SizeOfGT represents the size in bytes that a GT element need in binary form

Variables ¶

This section is empty.

Functions ¶

This section is empty.

Types ¶

type E12 ¶

type E12 struct {
	C0, C1 E6
}

E12 is a degree two finite field extension of fp6

func BatchDecompressKarabina ¶ added in v0.8.0

func BatchDecompressKarabina(x []E12) []E12

BatchDecompressKarabina multiple Karabina's cyclotomic square results if g3 != 0

g4 = (E * g5^2 + 3 * g1^2 - 2 * g2)/4g3

if g3 == 0

g4 = 2g1g5/g2

if g3=g2=0 then g4=g5=g1=0 and g0=1 (x=1) Theorem 3.1 is well-defined for all x in Gϕₙ\{1}

Divisions by 4g3 or g2 is batched using Montgomery batch inverse

func BatchDecompressTorus ¶ added in v0.8.0

func BatchDecompressTorus(x []E6) ([]E12, error)
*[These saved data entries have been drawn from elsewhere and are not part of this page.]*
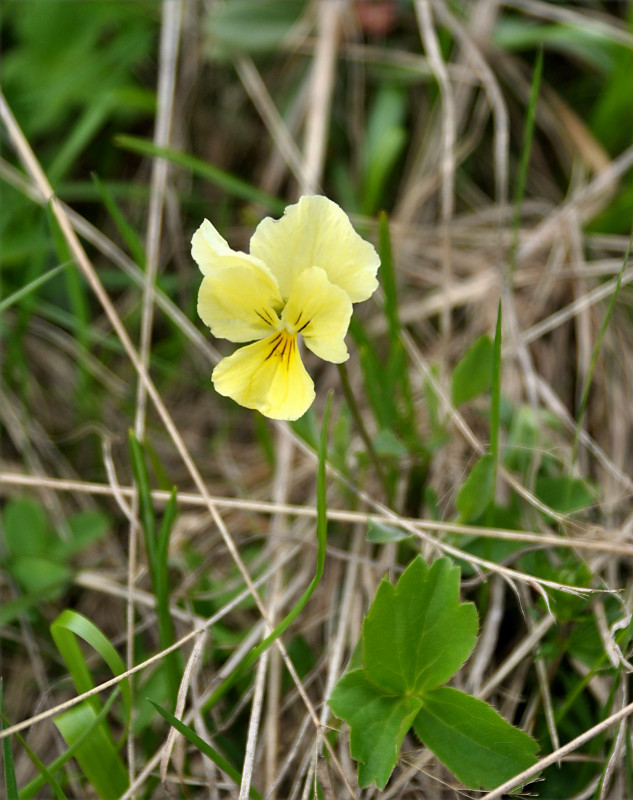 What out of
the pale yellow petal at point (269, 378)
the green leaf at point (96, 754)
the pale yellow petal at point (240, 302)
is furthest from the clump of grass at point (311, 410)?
the pale yellow petal at point (240, 302)

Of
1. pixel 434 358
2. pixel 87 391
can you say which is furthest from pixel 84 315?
pixel 434 358

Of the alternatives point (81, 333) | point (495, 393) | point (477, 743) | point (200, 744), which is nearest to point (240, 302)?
point (495, 393)

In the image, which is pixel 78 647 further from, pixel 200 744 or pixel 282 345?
pixel 282 345

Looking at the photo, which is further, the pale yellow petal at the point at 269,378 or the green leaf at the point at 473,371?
the green leaf at the point at 473,371

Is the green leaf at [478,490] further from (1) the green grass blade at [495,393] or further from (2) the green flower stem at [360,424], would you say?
(2) the green flower stem at [360,424]

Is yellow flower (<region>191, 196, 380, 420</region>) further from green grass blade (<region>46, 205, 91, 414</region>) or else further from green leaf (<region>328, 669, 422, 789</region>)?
green grass blade (<region>46, 205, 91, 414</region>)

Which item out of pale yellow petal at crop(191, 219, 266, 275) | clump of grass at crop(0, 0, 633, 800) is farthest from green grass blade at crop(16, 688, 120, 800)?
pale yellow petal at crop(191, 219, 266, 275)

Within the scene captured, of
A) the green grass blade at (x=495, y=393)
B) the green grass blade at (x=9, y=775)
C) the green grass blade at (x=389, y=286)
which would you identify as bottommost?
the green grass blade at (x=9, y=775)

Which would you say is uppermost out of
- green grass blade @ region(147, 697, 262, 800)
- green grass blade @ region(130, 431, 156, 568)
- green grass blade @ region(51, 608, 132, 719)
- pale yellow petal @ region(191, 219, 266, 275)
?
pale yellow petal @ region(191, 219, 266, 275) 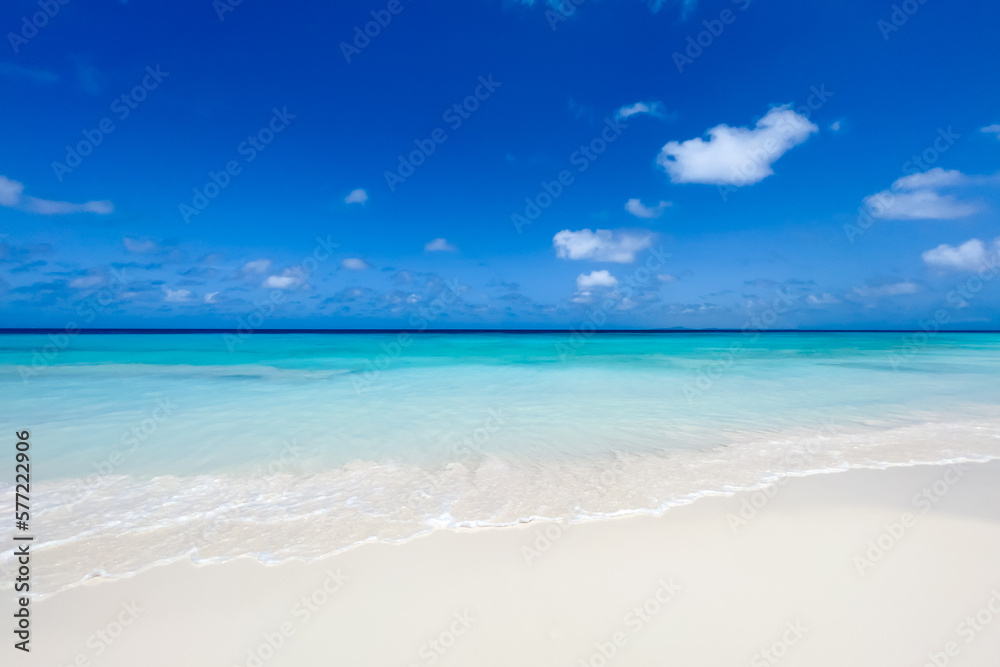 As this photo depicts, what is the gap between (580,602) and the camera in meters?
3.03

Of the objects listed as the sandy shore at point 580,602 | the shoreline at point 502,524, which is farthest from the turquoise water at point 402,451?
the sandy shore at point 580,602

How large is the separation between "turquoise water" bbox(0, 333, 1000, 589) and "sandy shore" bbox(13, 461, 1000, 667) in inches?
17.4

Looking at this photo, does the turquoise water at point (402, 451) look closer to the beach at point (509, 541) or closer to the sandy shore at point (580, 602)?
the beach at point (509, 541)

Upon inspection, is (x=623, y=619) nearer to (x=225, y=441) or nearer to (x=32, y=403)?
(x=225, y=441)

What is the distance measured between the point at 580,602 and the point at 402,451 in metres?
4.13

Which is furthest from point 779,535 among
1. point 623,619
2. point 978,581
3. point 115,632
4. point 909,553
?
point 115,632

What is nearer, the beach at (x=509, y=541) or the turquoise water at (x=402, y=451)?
the beach at (x=509, y=541)

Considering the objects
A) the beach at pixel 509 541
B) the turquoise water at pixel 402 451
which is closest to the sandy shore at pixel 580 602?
the beach at pixel 509 541

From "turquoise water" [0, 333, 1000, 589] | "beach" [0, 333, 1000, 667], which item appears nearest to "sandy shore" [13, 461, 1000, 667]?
"beach" [0, 333, 1000, 667]

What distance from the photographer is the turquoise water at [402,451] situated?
4238 millimetres

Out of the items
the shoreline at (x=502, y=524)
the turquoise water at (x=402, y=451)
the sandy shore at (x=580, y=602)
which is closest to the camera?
the sandy shore at (x=580, y=602)

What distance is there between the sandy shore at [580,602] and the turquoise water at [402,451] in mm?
442

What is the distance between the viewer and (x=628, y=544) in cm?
377

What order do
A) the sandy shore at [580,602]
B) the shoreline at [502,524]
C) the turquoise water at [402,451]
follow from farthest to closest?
the turquoise water at [402,451]
the shoreline at [502,524]
the sandy shore at [580,602]
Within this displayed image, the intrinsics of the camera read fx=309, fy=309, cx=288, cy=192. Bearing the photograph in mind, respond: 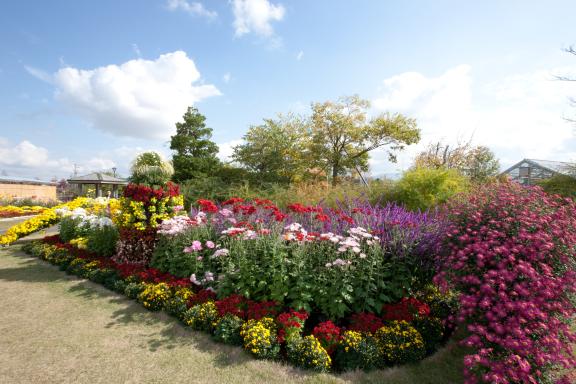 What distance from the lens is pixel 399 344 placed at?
296 cm

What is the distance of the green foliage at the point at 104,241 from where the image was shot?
21.7 feet

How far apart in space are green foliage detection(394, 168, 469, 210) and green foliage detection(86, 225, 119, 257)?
6821mm

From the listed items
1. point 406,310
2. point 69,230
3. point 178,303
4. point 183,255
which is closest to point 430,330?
point 406,310

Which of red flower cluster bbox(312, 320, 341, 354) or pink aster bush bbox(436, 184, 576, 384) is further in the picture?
red flower cluster bbox(312, 320, 341, 354)

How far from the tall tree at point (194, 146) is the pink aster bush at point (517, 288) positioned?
13953 millimetres

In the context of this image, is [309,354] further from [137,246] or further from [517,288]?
[137,246]

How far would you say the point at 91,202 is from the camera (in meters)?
10.0

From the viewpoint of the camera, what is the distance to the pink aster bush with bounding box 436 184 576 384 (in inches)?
89.4

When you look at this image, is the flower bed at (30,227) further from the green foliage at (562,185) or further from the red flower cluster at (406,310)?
the green foliage at (562,185)

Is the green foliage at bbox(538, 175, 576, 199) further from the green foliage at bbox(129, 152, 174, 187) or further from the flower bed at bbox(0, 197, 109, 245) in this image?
the flower bed at bbox(0, 197, 109, 245)

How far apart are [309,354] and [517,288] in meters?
1.80

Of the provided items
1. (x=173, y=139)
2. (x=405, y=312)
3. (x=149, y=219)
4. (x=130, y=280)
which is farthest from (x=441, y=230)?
(x=173, y=139)

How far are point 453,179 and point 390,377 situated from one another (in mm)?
6561

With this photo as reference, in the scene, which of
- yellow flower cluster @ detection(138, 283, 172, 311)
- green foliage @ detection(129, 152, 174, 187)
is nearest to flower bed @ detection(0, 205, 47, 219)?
green foliage @ detection(129, 152, 174, 187) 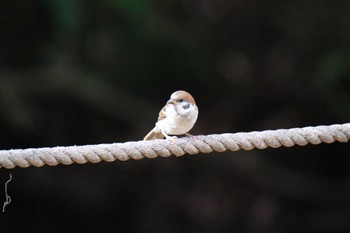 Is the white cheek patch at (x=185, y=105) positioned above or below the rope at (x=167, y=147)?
above

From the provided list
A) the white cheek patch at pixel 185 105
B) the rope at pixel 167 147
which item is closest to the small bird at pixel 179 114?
the white cheek patch at pixel 185 105

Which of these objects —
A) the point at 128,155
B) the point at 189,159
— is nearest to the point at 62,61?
the point at 189,159

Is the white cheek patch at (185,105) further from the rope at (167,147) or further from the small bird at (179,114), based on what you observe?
the rope at (167,147)

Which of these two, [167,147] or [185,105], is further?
[185,105]

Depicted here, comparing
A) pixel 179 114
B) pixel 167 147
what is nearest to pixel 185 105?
pixel 179 114

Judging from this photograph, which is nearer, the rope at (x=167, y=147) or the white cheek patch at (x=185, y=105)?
the rope at (x=167, y=147)

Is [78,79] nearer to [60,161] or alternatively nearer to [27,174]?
[27,174]

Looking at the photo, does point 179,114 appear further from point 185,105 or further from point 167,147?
point 167,147

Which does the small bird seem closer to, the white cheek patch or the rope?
the white cheek patch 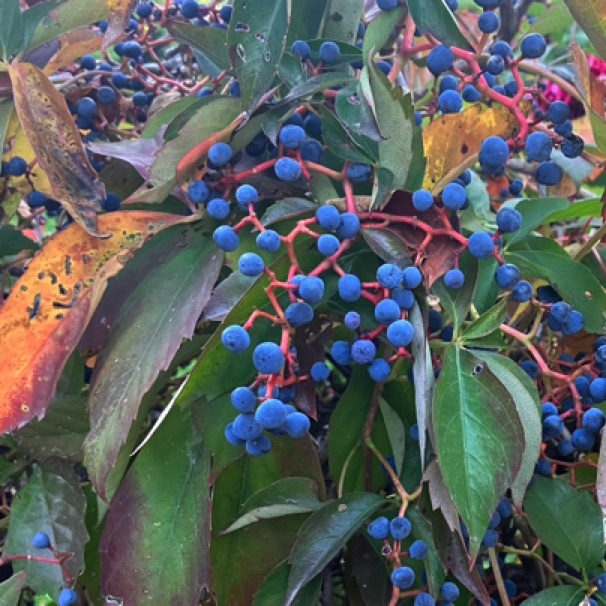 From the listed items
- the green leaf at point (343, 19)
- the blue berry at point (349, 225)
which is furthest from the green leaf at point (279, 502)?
the green leaf at point (343, 19)

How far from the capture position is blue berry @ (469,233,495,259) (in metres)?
0.59

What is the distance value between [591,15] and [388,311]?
0.35 meters

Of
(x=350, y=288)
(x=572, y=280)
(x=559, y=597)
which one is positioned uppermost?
(x=350, y=288)

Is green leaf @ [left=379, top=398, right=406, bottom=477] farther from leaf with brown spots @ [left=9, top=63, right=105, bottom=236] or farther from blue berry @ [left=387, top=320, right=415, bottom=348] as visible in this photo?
leaf with brown spots @ [left=9, top=63, right=105, bottom=236]

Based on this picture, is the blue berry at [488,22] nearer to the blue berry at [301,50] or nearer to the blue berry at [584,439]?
the blue berry at [301,50]

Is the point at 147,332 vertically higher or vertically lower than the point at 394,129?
lower

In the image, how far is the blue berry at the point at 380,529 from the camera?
620 millimetres

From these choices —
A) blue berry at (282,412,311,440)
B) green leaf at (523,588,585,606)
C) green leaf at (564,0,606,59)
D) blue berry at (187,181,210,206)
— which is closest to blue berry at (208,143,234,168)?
blue berry at (187,181,210,206)

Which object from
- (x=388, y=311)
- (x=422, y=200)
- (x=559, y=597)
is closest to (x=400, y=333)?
Result: (x=388, y=311)

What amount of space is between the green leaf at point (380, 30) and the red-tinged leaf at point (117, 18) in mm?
275

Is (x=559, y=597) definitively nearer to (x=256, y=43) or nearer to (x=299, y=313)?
(x=299, y=313)

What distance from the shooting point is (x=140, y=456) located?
683 mm

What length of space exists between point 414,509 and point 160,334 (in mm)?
275

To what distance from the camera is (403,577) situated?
600 millimetres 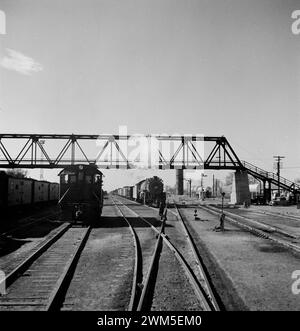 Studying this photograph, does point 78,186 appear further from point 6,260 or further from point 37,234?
point 6,260

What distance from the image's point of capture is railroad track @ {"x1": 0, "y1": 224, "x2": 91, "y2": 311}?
19.7 ft

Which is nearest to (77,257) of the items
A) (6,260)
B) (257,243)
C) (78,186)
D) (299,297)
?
(6,260)

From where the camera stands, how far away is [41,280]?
7500 mm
BatchDecompressTorus GT/E12 compressed elements using a batch inversion

func BatchInvertE12 ¶ added in v0.8.0

func BatchInvertE12(a []E12) []E12

BatchInvertE12 returns a new slice with every element inverted. Uses Montgomery batch inversion trick

if a[i] == 0, returns result[i] = a[i]

func (*E12) Add ¶

func (z *E12) Add(x, y *E12) *E12

Add set z=x+y in E12 and return z

func (*E12) Bytes ¶

func (z *E12) Bytes() (r [SizeOfGT]byte)

Bytes returns the regular (non montgomery) value of z as a big-endian byte array. z.C1.B2.A1 | z.C1.B2.A0 | z.C1.B1.A1 | ...

func (*E12) CompressTorus ¶ added in v0.8.0

func (z *E12) CompressTorus() (E6, error)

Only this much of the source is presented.